The aim of this paper is to read Martin Heidegger’s later philosophy in terms of the assertion that themes such as the fourfold (das Geviert) and poetic dwelling could be interpreted as mythical elements within his writing. Heidegger’s later thought is often construed as challenging and difficult due to its quasi-mystical nature. However, this paper aims to illustrate that if one approaches his later thought from the perspective of myth, a different dimension of Heidegger’s thinking is revealed which is perhaps more tenable than attempting to address his later thought purely from a philosophical position.
In brief, Heidegger’s concept of the fourfold involves the following entities: mortals, divinities, the sky and the earth. His argument is that for mortals to dwell poetically (implying the living of a meaningful, holistic life) they must recognise and assume the guardianship of Being (which is inclusive of all the elements of the fourfold). Heidegger argues that our guardianship of Being will be a natural extension of our existence, once we realise the holiness or sacred nature of Being as such. Thus, the concept of the fourfold represents the possibility of existing in a harmonious, caring (or saving), relationship with Being.
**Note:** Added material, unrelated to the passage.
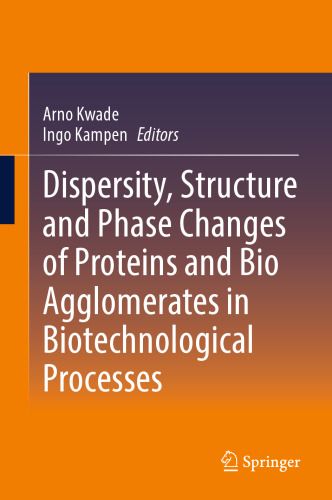 Dispersity, Structure and Phase Changes of Proteins and Bio Agglomerates in Biotechnological Processes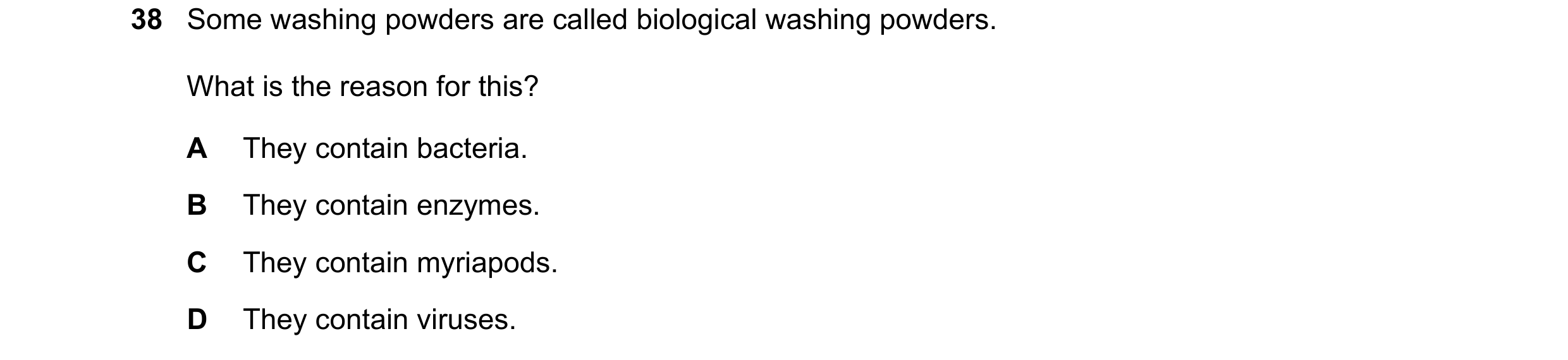 Question 1: Some washing powders are called biological washing powders. What is the reason for this? A They contain bacteria. B They contain enzymes. C…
However, following Heidegger this holistic (and, arguably mythical) depiction of our existence is extremely unlikely due to the rampant nature of technological enframing (Gestell) that dictates the use of human and natural resources. Conceptually though, if this holistic depiction is approached taking into account Ricoeur’s argument regarding myth then it becomes tenable. Ricoeur writes that myth has a symbolic function in terms of its power of discovery and revelation and this implies that myth has a projected horizon. This horizon, Ricoeur writes, is a ‘disclosure of unprecedented worlds, an opening on to other possible worlds which transcend the established limits of our actual world’ (1997: 8). Thus, applying these characterisations of myth to elements of Heidegger’s later philosophy will reveal a justifiable and coherent interpretation of his concept of the fourfold from a mythical perspective. Such a reading demonstrates the centrality of the fourfold in Heidegger’s later thought, which more strictly philosophical approaches may undervalue.
In closing this paper suggests the usefulness of a mythological approach to the later Heidegger, and demonstrates the continued vitality of myth, as a profoundly human paradigm which, as Heidegger recognised, can simultaneously complement and transcend our more restricted rational endeavours.